If the two elements are not equal, the index is added to @diffs.

    if @ints[$i] != @sorted[$i] {
        @diffs.push($i);
    }
}

Finally we output @diffs. The extra code is just so the output will have the same format as that in the examples.

say q{(}, @diffs.join(q{, }), q{)};

(Full code on Github.)

The Perl version works exactly the same as in Raku.

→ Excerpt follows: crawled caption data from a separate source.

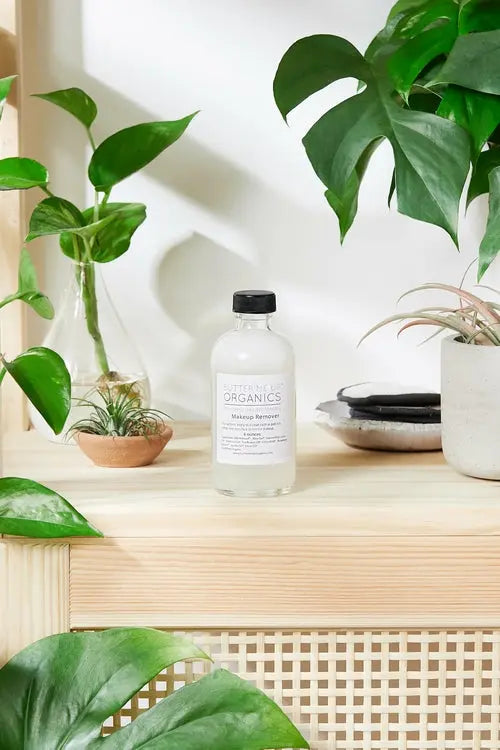 Organic Makeup Remover / Toxin Free / Gentle / Sensitive Skin / White Smokey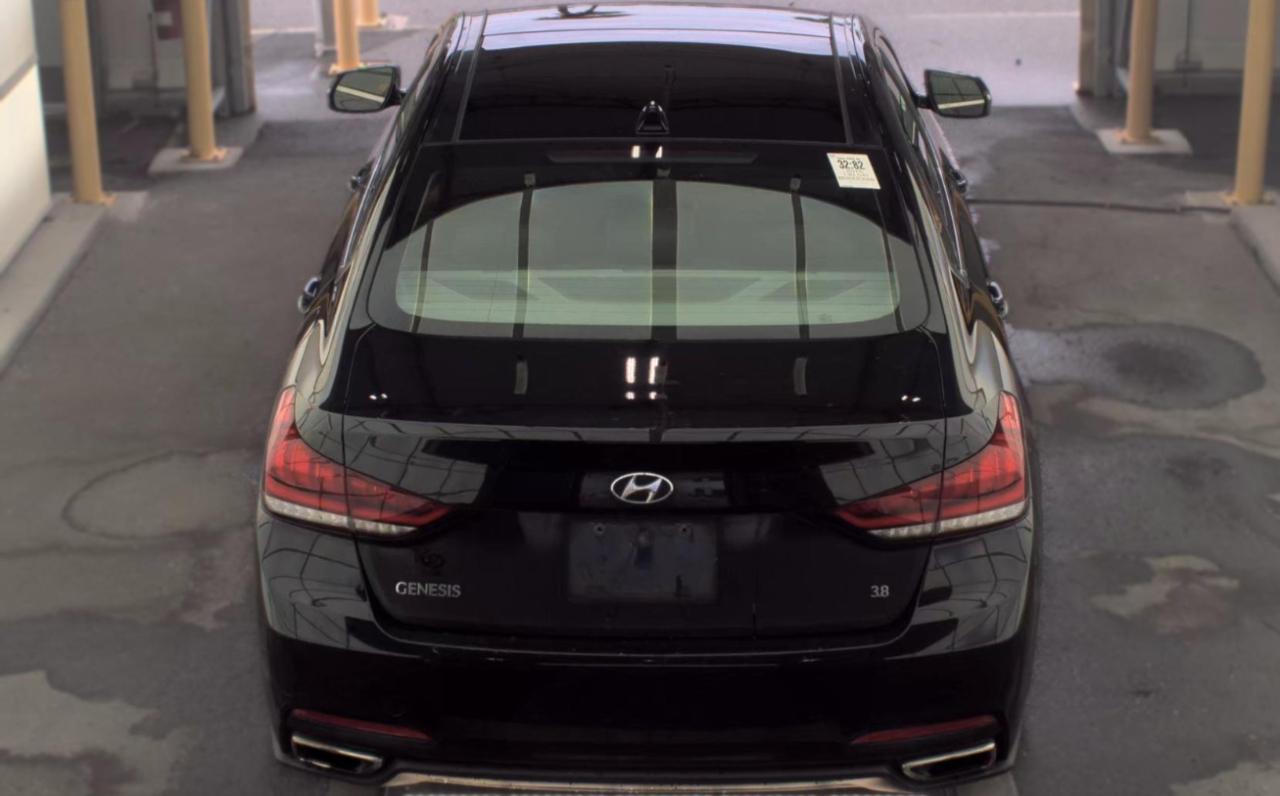 Hyundai Genesis  2015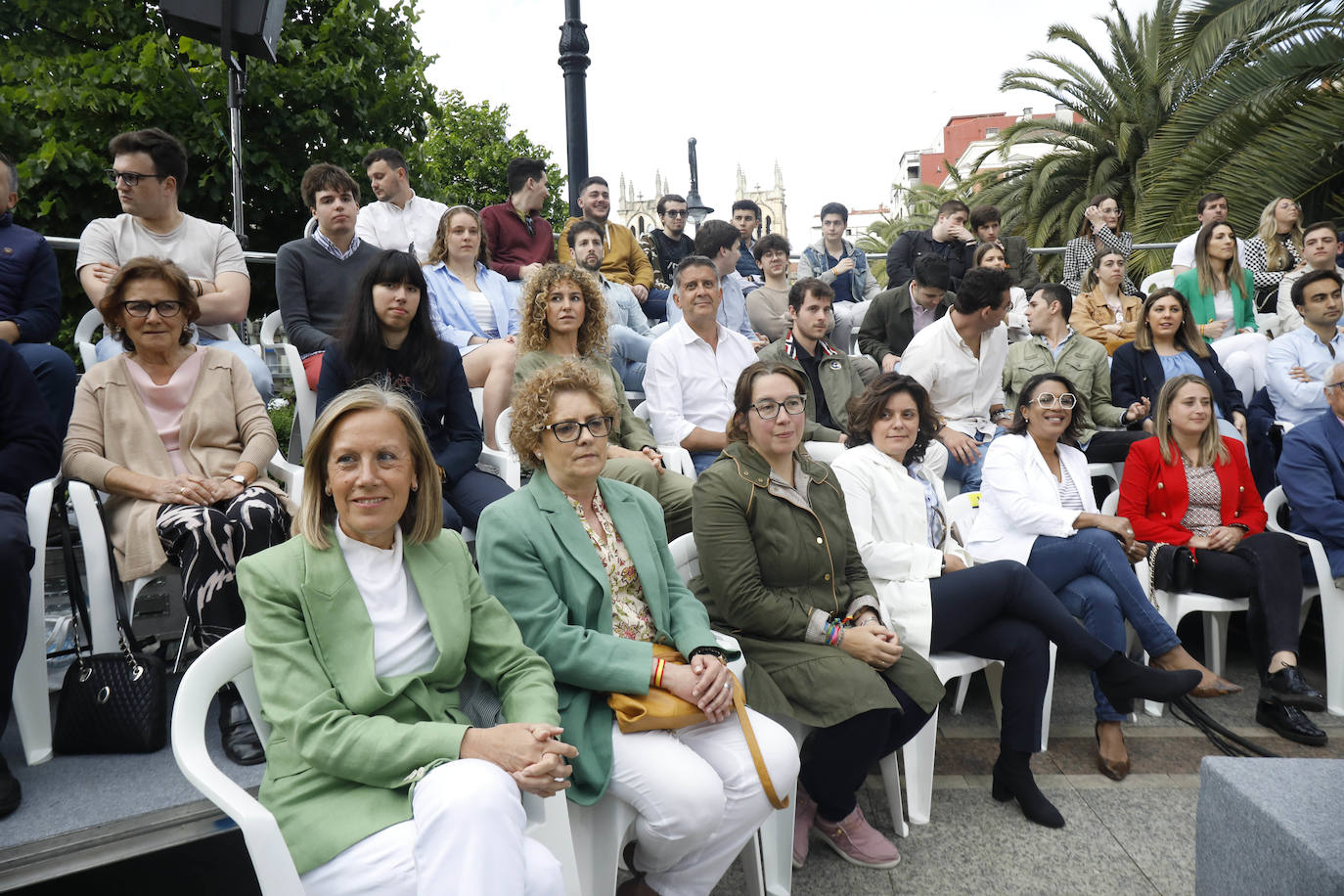 La visita de Feijóo a Gijón, en imágenes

my @sorted = sort { $a <=> $b }  @ints;
my @diffs;

for my $i (keys @ints) {
    if ($ints[$i] != $sorted[$i]) {
        push @diffs, $i;
    }
}

say q{(}, (join q{, }, @diffs), q{)};

(Full code on Github.)

Challenge 2:

Find Anagrams

You are given a list of words, @words.

Write a script to find any two consecutive words and if they are anagrams, drop the first word and keep the second. You continue this until there is no more anagrams in the given list and return the count of final list.

Example 1
Input: @words = ("acca", "dog", "god", "perl", "repl")
Output: 3

Step 1: "dog" and "god" are anagrams, so dropping "dog" and keeping "god" => ("acca", "god", "perl", "repl")
Step 2: "perl" and "repl" are anagrams, so dropping "perl" and keeping "repl" => ("acca", "god", "repl")
Example 2
Input: @words = ("abba", "baba", "aabb", "ab", "ab")
Output: 2

Step 1: "abba" and "baba" are anagrams, so dropping "abba" and keeping "baba" => ("baba", "aabb", "ab", "ab")
Step 2: "baba" and "aabb" are anagrams, so dropping "baba" and keeping "aabb" => ("aabb", "ab", "ab")
Step 3: "ab" and "ab" are anagrams, so dropping "ab" and keeping "ab" => ("aabb", "ab")

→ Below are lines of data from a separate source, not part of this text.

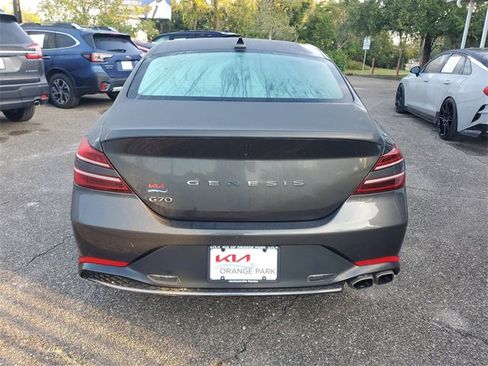 Used 2022 Genesis G70 2.0T image 8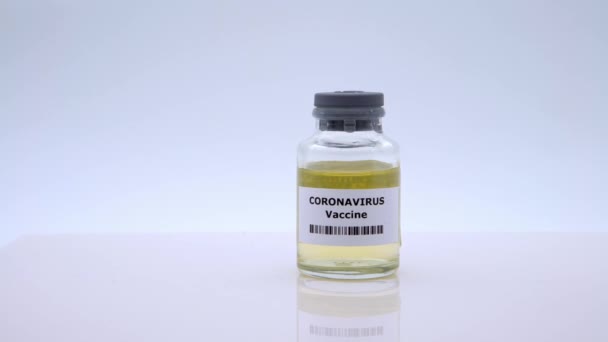 4K, Sample for Covid 19 vaccination. Preventive medications for novel Coronavirus 2019-nCov concept. Corona virus danger and public health risk disease. Asian flu outbreak pandemic-Dan - Filmati, video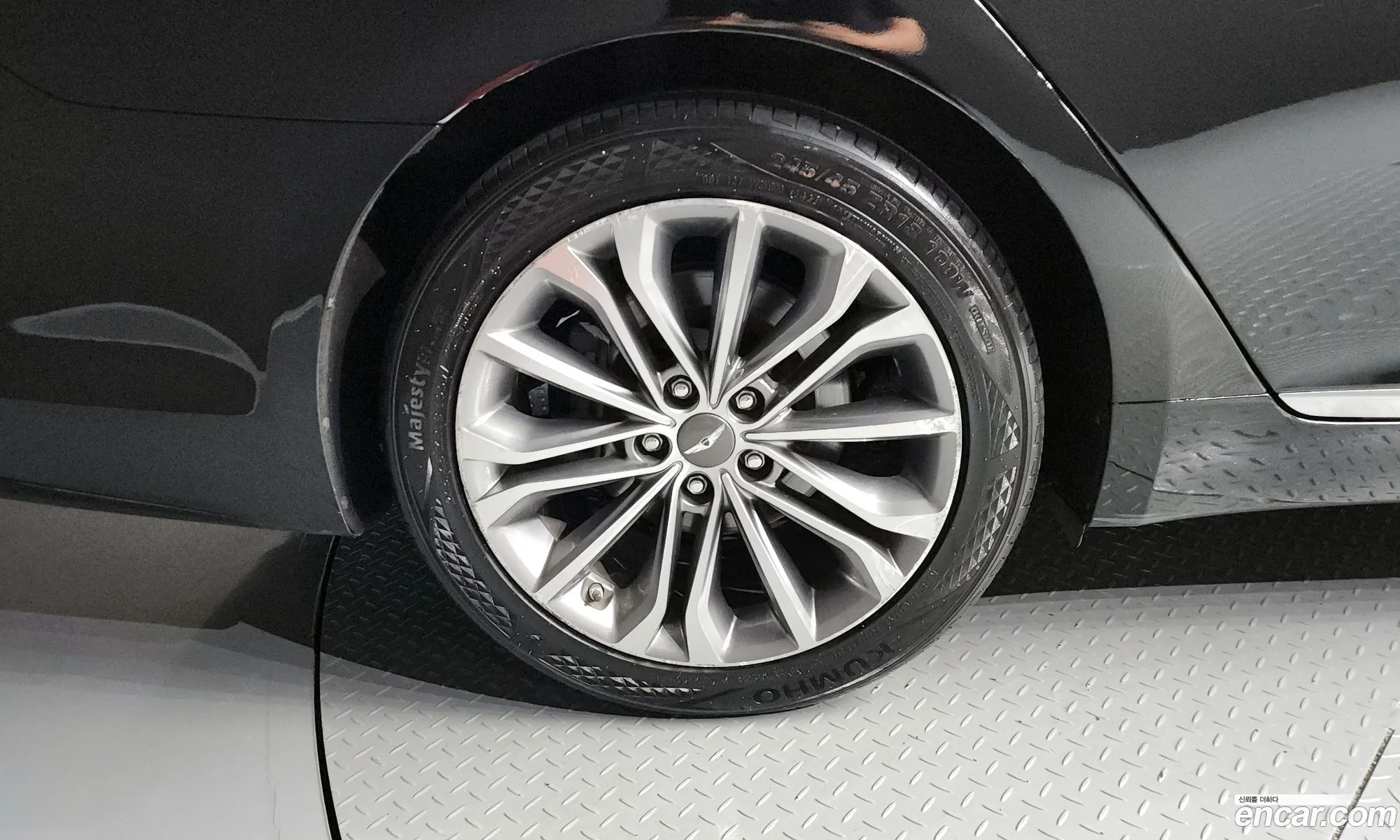 Hyundai Genesis Ii G330 Modern Awd 2015 - фотография 19690832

This challenge is much simpler than the wording of the spec might have you think. Actually, you don't need to do all that dropping the first and keeping the second business. To get the right answer, you just need to count the number of unique words ignoring anagrams.

In Raku, you can do this as a one-liner like this:

@*ARGS.map({ $_.comb.sort.join }).unique.elems.say

(Full code on Github.)

First we take the input from command-line arguments (in @*ARGS) and using .map() normalize the form of each word by splitting it into individual characters with .comb(), .sort()ing them and .join()ing them back into a word. If two words have the same form, they are anagrams. We find how many unique normalized words there are with .unique(), count them with .elems() and print the result with .say().

For Perl, I used a slightly different approach.

A hash called %anagrams will hold the normalized words.

my %anagrams;

For each word, its' normalized form will become a key in %anagrams and each time that form occurs, the keys' value will be incremented.

foreach my $word (@words) {
    my $sorted = join q{}, sort split //, $word;
    $anagrams{$sorted}++;
}

Now we can get the number of unique normalized words simply be counting the number of keys.